Я вышел на лестничную площадку, где был установлен телефон-аавтомат для больных, но там было темно от желающих позвонить. Тогда я вернулся в отделение и, убедившись, что в коридоре никого нет, зашел в ординаторскую. Там, среди отвратительных гипсовых голов с проломленными черепами, расплющенными носами и свернутыми челюстями, я занялся телефоном.
Анна снова не отвечала. Еще несколько секунд я слушал ноющие гудки, потом с облегчением опустил трубку и прижал ее ладонью. Все-таки хорошо, что Анна не ответила. Слушать ее голос и молчать — слишком трудное испытание. Не надо торопиться, сказал я сам себе. Я сначала расквитаюсь с Владом, а потом найду Анну. Если она была с ним заодно, если знала об адской начинке кейса и хотела моей смерти, то я пришлю ей надгробную плиту со своим именем весом в тонну и навсегда уйду из ее жизни. Больше она меня не увидит.
Я помахал рукой изуродованным черепам и вышел в коридор. Калеки в пижамах и спортивных костюмах медленно выползали из столовой — кто с костылем, кто наполовину в гипсе, кто шаркал тапочками, едва передвигая ноги. Казалось, что я иду настречу останкам роты, отходящей в тыл с линии фронта. Большая часть больных задерживалась в холле, где стоял телевизор, включенный на полную громкость. Все стулья и кресла были заняты, и люди садились на подоконники и большие кашпо, в которых росли фикусы и пальмы.
Меня тронул за руку пожилой мужчина, опирающийся на палочку.
— Это ведь вы? — Что я?
— Ну вы сегодня в машине взорвались? — обрадованно воскликнул он. — Про вас показывают!

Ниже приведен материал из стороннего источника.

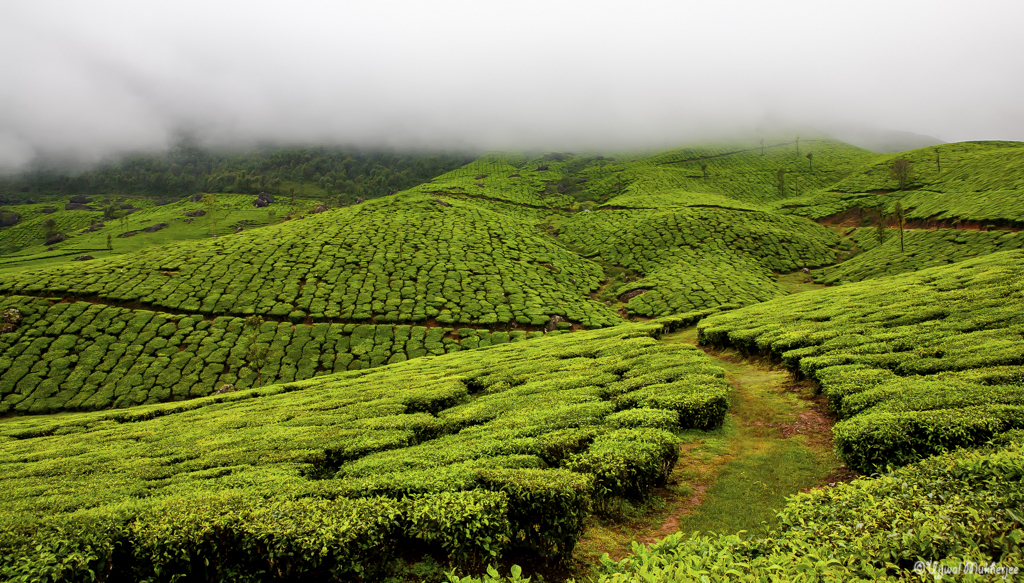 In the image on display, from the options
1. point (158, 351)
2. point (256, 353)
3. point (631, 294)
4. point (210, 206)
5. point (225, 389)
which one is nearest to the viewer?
point (225, 389)

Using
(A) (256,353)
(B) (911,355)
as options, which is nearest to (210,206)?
(A) (256,353)

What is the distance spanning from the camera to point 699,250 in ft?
246

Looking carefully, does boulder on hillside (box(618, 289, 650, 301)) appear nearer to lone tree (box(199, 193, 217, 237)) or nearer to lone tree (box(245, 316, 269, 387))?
lone tree (box(245, 316, 269, 387))

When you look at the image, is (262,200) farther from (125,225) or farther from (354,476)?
(354,476)

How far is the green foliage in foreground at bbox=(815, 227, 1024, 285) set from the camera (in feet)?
165

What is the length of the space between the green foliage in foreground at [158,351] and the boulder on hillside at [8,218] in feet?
513

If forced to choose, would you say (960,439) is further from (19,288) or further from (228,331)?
(19,288)

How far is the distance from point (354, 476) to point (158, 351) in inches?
1751

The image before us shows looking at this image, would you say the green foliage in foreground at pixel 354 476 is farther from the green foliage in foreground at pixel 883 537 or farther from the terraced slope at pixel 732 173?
the terraced slope at pixel 732 173

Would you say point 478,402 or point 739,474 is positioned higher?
point 739,474

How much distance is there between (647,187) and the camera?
130 m

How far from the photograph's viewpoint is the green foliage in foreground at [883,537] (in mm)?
4730

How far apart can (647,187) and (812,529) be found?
13429 cm

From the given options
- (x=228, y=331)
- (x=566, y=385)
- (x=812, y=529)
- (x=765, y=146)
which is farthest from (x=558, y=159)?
(x=812, y=529)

Я все понял и на мгновение оказался в центре внимания, как популярный артист. По телевизору шел «Дорожный патруль». Показывали мрачную подворотню, развороченную взрывом машину, тела, лежащие на асфальте. Комментатор скороговоркой вещал:
— …Водитель и двое пассажиров скончались на месте, еще один пассажир — Михаил Цончик — в тяжелом состоянии доставлен в клинику имени Склифосовского. (Меня перекладывают на носилки. Камера наезжает, окровавленное и совершенно неузнаваемое лицо — крупным планом). По предварительным данным, в машине сработало самодельное взрывное устройство. Кому из пассажиров оно принадлежало и для чего было предназначено — предстоит выяснить следствию. (Носилки задвигают в машину «скорой помощи». Оперативный работник, сидя на корточках, показывает на ручку от кейса. Камера дает ее крупным планом и останавливает кадр.)
В холле началось оживление. Десятки глаз устремились на меня.
А говорили — в тяжелом состоянии! — сказал кто-то.
Слава отечественной медицине! — безрадостным голосом добавил второй.
А не надо бомбы в кейсах возить! — вставил некто остроумный, прячясь за чужими спинами.
Мне жидко поаплодировали. Я откланялся и спрятался от славы в палате. Михаил Цончик, думал я, лежа на койке с закрытыми глазами. Михаил Игоревич Цончик. Если Влад случайно увидел эту передачу, то вряд ли узнал меня.